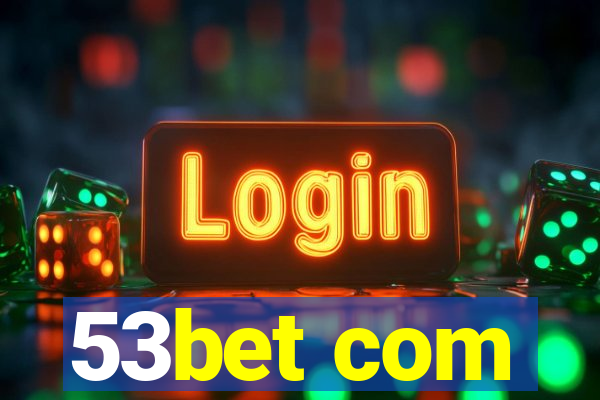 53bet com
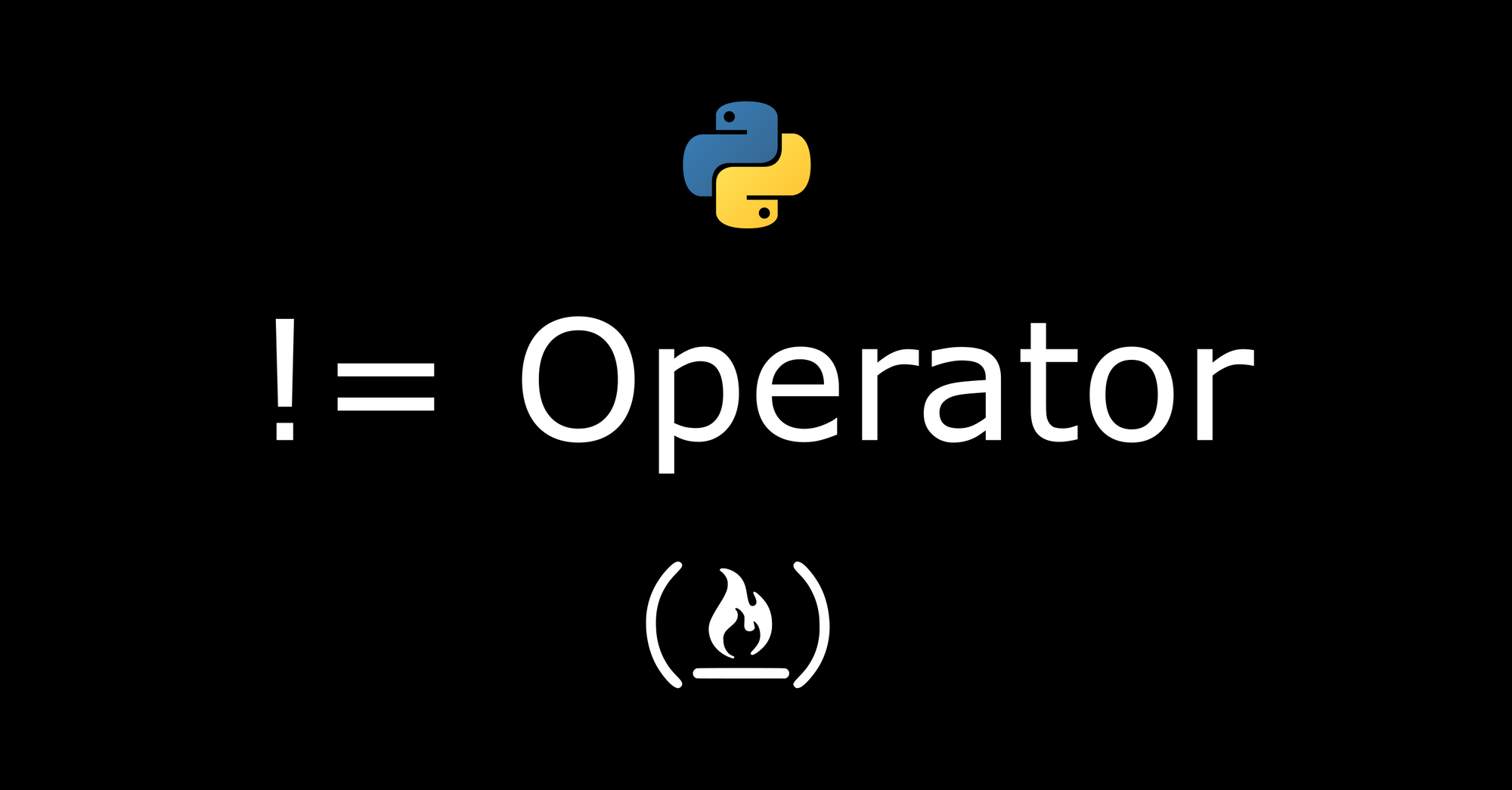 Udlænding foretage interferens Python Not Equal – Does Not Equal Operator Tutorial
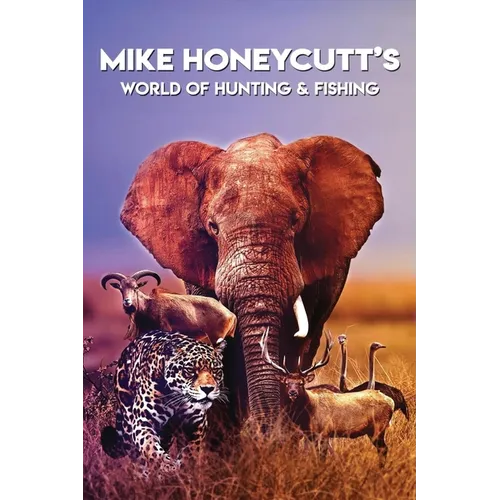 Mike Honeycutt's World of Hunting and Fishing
..........
◆ Problem to solve ◆
Every line above is to be returned exactly, with its pictures removed.

◆ Exercise response ◆
 53bet com
 Udlænding foretage interferens Python Not Equal – Does Not Equal Operator Tutorial
 Mike Honeycutt's World of Hunting and Fishing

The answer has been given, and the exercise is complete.